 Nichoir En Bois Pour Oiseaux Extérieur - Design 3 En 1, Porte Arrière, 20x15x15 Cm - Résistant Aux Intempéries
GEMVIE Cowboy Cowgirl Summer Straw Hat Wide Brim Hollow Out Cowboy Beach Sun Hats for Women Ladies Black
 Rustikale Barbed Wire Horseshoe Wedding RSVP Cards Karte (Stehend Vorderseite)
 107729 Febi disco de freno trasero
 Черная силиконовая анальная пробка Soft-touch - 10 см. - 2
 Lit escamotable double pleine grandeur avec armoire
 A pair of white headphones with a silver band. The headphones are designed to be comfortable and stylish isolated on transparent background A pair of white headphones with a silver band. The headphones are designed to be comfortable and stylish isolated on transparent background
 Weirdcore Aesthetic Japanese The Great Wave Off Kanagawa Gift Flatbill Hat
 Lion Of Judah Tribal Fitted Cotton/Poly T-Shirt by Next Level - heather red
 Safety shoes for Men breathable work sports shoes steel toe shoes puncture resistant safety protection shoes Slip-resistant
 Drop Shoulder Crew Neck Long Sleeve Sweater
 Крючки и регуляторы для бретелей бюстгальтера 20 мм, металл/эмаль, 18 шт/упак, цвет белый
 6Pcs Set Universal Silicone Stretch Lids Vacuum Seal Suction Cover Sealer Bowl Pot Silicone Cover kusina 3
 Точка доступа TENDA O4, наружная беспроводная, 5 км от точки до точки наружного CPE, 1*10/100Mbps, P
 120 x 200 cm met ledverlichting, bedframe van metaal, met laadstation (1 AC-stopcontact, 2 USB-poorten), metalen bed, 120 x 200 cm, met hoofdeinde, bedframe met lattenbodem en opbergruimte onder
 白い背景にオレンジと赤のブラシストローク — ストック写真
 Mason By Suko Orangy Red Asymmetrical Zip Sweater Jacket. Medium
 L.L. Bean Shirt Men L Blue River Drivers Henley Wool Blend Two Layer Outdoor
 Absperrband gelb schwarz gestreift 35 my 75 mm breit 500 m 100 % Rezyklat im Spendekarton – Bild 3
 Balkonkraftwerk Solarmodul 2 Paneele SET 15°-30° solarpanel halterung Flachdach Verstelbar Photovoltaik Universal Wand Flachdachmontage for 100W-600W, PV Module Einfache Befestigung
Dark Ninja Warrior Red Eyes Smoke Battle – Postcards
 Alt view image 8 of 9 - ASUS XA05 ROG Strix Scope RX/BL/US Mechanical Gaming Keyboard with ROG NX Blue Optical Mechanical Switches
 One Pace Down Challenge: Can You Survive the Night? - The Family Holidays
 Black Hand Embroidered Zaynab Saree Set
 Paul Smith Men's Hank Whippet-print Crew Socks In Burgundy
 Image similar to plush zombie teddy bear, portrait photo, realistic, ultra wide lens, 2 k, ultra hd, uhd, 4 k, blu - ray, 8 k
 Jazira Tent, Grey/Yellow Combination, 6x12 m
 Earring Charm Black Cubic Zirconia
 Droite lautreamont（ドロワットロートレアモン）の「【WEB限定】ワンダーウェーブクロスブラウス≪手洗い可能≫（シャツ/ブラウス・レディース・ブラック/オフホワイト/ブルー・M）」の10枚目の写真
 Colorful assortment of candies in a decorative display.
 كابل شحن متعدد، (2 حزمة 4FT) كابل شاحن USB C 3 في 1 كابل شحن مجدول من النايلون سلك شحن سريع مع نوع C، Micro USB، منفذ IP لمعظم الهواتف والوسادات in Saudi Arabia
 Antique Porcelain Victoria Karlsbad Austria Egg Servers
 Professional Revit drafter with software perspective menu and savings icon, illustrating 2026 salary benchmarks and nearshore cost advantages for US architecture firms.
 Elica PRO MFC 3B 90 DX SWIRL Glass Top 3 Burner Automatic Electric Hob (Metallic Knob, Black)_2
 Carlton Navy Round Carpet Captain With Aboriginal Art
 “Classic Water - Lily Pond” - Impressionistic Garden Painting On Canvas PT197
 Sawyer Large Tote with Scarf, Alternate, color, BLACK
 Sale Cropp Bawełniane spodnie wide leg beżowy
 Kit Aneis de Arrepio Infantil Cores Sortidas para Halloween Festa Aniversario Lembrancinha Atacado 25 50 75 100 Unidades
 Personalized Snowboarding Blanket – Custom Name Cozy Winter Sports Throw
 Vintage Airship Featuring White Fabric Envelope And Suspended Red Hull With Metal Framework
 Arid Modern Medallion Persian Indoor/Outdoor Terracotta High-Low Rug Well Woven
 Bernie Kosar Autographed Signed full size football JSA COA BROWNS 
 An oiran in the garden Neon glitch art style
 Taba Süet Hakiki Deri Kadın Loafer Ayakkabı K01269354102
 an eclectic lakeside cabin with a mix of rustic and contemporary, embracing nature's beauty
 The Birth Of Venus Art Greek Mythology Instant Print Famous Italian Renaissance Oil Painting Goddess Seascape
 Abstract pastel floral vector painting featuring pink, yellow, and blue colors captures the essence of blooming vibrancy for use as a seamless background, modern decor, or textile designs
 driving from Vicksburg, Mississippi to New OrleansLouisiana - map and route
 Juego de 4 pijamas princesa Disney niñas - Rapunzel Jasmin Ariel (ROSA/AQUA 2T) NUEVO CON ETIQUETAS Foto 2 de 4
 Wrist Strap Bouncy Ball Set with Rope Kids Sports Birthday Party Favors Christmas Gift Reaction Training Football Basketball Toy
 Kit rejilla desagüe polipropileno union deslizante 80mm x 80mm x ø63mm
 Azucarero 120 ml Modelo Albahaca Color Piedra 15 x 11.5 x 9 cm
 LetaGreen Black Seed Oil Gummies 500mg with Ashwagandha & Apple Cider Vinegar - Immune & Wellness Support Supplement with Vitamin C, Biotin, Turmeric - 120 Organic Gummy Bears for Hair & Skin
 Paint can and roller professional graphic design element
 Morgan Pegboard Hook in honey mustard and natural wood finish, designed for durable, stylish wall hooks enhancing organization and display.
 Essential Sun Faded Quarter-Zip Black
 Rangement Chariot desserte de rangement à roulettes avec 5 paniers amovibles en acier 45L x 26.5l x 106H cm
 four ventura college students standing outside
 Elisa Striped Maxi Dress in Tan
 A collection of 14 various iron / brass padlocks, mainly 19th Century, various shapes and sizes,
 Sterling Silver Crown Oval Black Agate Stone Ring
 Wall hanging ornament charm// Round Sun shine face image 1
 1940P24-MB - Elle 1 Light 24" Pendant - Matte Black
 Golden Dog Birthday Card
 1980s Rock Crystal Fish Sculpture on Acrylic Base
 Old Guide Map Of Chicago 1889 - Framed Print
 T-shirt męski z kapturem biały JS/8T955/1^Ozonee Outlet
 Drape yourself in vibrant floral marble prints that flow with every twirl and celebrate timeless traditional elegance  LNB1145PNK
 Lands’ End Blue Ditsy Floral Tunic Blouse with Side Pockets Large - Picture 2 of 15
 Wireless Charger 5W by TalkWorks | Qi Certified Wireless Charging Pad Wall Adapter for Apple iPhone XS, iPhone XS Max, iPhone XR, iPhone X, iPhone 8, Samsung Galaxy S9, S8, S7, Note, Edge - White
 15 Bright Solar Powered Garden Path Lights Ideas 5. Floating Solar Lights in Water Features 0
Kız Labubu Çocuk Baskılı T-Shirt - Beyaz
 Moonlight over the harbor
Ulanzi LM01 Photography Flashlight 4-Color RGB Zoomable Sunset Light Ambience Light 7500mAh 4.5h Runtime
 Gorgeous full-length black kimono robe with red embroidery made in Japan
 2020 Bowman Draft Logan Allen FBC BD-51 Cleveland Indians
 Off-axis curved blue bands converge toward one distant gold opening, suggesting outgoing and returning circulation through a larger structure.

- - -

## WHAT THE EXERCISE ASKS
From the records above, print exactly the lines that run from the line with "Balkonkraftwerk Solarmodul 2" to the line with "Vintage Airship Featuring", inclusive.

## RESPONSE FOR THIS EXERCISE
 Balkonkraftwerk Solarmodul 2 Paneele SET 15°-30° solarpanel halterung Flachdach Verstelbar Photovoltaik Universal Wand Flachdachmontage for 100W-600W, PV Module Einfache Befestigung
Dark Ninja Warrior Red Eyes Smoke Battle – Postcards
 Alt view image 8 of 9 - ASUS XA05 ROG Strix Scope RX/BL/US Mechanical Gaming Keyboard with ROG NX Blue Optical Mechanical Switches
 One Pace Down Challenge: Can You Survive the Night? - The Family Holidays
 Black Hand Embroidered Zaynab Saree Set
 Paul Smith Men's Hank Whippet-print Crew Socks In Burgundy
 Image similar to plush zombie teddy bear, portrait photo, realistic, ultra wide lens, 2 k, ultra hd, uhd, 4 k, blu - ray, 8 k
 Jazira Tent, Grey/Yellow Combination, 6x12 m
 Earring Charm Black Cubic Zirconia
 Droite lautreamont（ドロワットロートレアモン）の「【WEB限定】ワンダーウェーブクロスブラウス≪手洗い可能≫（シャツ/ブラウス・レディース・ブラック/オフホワイト/ブルー・M）」の10枚目の写真
 Colorful assortment of candies in a decorative display.
 كابل شحن متعدد، (2 حزمة 4FT) كابل شاحن USB C 3 في 1 كابل شحن مجدول من النايلون سلك شحن سريع مع نوع C، Micro USB، منفذ IP لمعظم الهواتف والوسادات in Saudi Arabia
 Antique Porcelain Victoria Karlsbad Austria Egg Servers
 Professional Revit drafter with software perspective menu and savings icon, illustrating 2026 salary benchmarks and nearshore cost advantages for US architecture firms.
 Elica PRO MFC 3B 90 DX SWIRL Glass Top 3 Burner Automatic Electric Hob (Metallic Knob, Black)_2
 Carlton Navy Round Carpet Captain With Aboriginal Art
 “Classic Water - Lily Pond” - Impressionistic Garden Painting On Canvas PT197
 Sawyer Large Tote with Scarf, Alternate, color, BLACK
 Sale Cropp Bawełniane spodnie wide leg beżowy
 Kit Aneis de Arrepio Infantil Cores Sortidas para Halloween Festa Aniversario Lembrancinha Atacado 25 50 75 100 Unidades
 Personalized Snowboarding Blanket – Custom Name Cozy Winter Sports Throw
 Vintage Airship Featuring White Fabric Envelope And Suspended Red Hull With Metal Framework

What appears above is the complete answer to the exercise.